Data records -
---------------

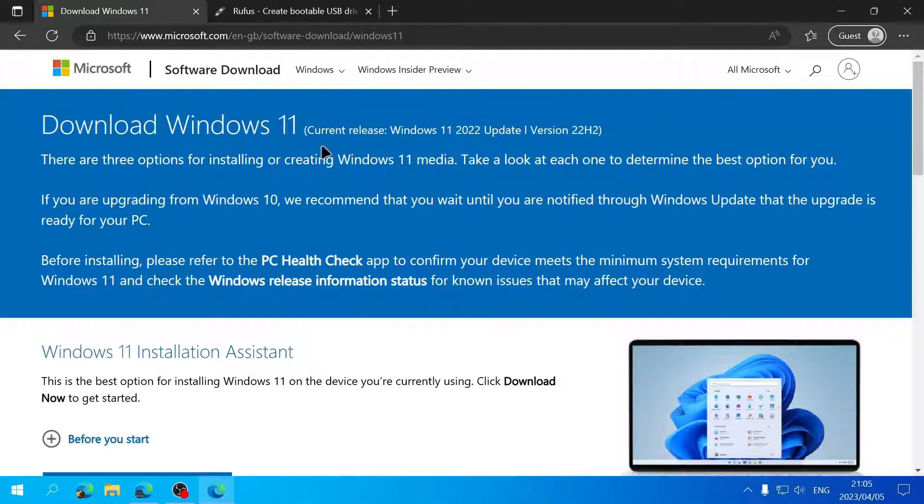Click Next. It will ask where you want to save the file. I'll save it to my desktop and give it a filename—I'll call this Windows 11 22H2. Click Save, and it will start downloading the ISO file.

---------------

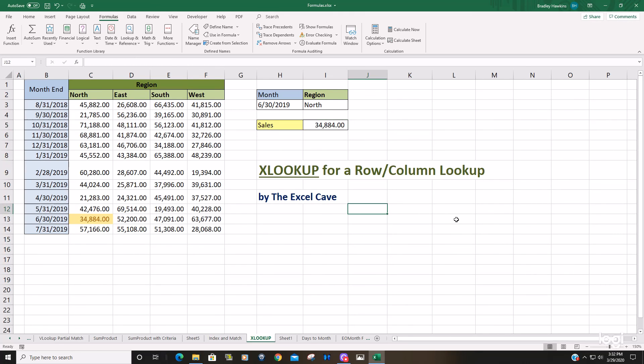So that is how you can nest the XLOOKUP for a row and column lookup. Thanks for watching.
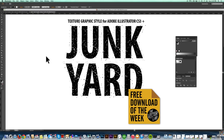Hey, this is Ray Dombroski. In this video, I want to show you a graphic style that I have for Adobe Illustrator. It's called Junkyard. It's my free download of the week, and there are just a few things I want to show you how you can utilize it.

---------------

Exercise goal - Leave the pictures out, and transcribe exactly the lines above starting at the one that contains "So that is how" and ending at the one that contains "Hey, this is".

Answer area -
So that is how you can nest the XLOOKUP for a row and column lookup. Thanks for watching.
Hey, this is Ray Dombroski. In this video, I want to show you a graphic style that I have for Adobe Illustrator. It's called Junkyard. It's my free download of the week, and there are just a few things I want to show you how you can utilize it.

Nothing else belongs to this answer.